Macc—his hands on the pommel of his broadsword—stood beside Connery. He had unsheathed his sword and was resting it point down on the dais before him, a clear sign of the impending conflict. Its blade was glinting in the torchlight and reflecting on the faces in the crowd. Looking at the grins of the kneelers, highlighted by the reflected light, Macc wondered if they were sane—if they realized death was the only outcome of their actions. Surely, they did not believe the High King would fail to act a second time?
The champion looked over at Dond Desa, standing in the crowded feast hall with his arms folded across his chest. He looked old and frail, but even so, Macc knew he would need to watch him. When Connery pronounced a sentence of death on the warrior’s sons, Dond Desa had to react violently. Macc felt a gnawing sadness because he knew today would not only see the foster brothers sentenced to ritual strangulation but also the death of his old friend and mentor.
If he does not best me, he thought, and then shrugged it off as an impossibility. Dond had been fearsome as a warrior for many years, but those years were behind him. Despite the sword, he was no longer to be feared by any seasoned warrior.
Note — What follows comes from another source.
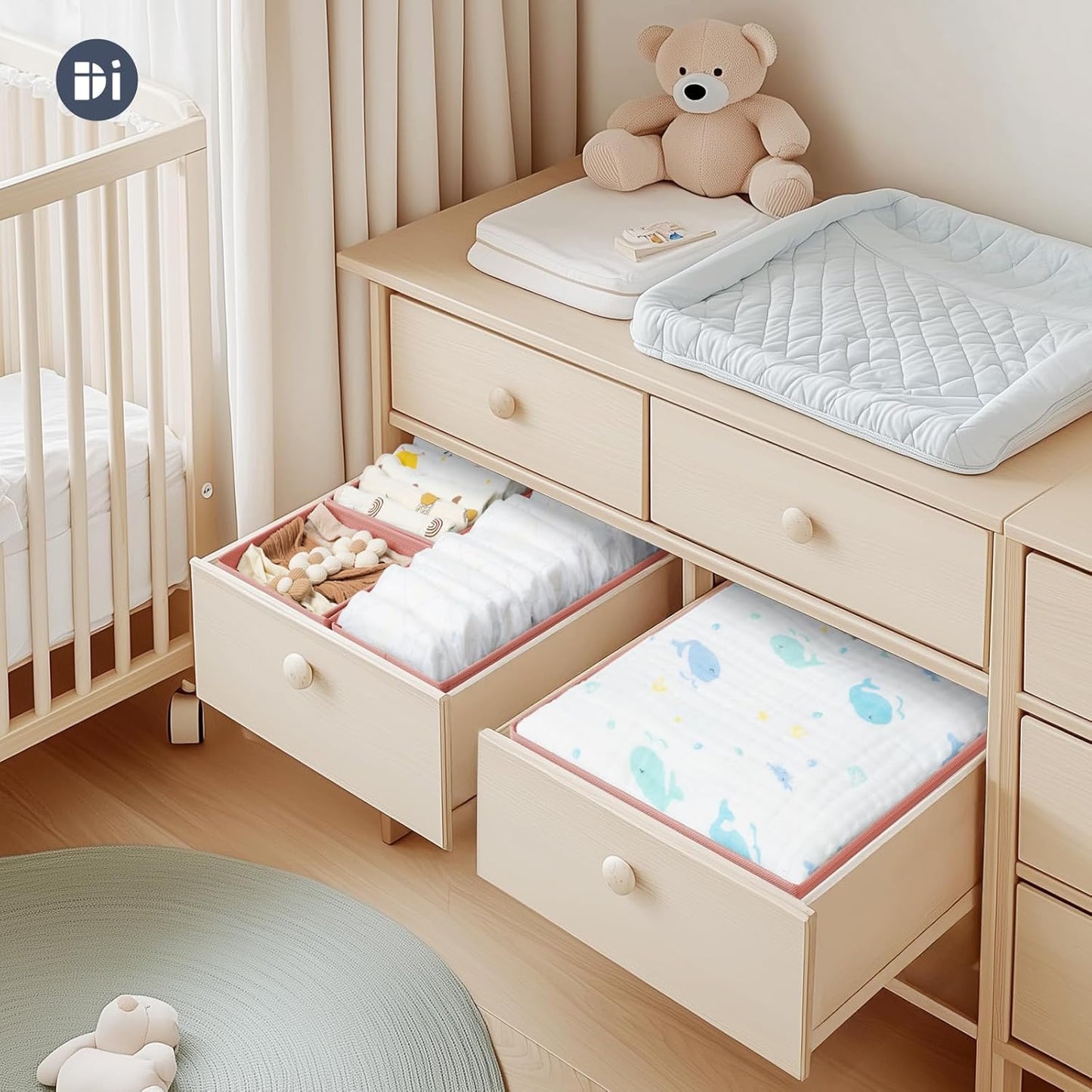 DIMJ Drawer Organizer Clothes 15 Pack - Foldable Dresser Organizer for Nursery, Bedroom, Closet - Pink Dividers for Baby Clothes, Underwear, Clothing, Sock, Belt, Tie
Macc took a sidelong look at his High King. This was to be the greatest challenge of his reign, and the warrior was not sure he was ready for it. Connery was doing nothing to appease the warrior’s fears. He was fidgeting and looking around the crowded hall as if searching for a way out or a friendly face who would sponsor what he was about to do.
Macc wondered precisely what he thought he could do because there was no way out. His foster brothers were the last of the one hundred and thirty men captured outside Crúachain when Lee had thrown down his sword. Apart from the man who was hanged on the march through Connacht and Meath, the others had all been tried, and their fathers ordered to execute them by ritual strangulation.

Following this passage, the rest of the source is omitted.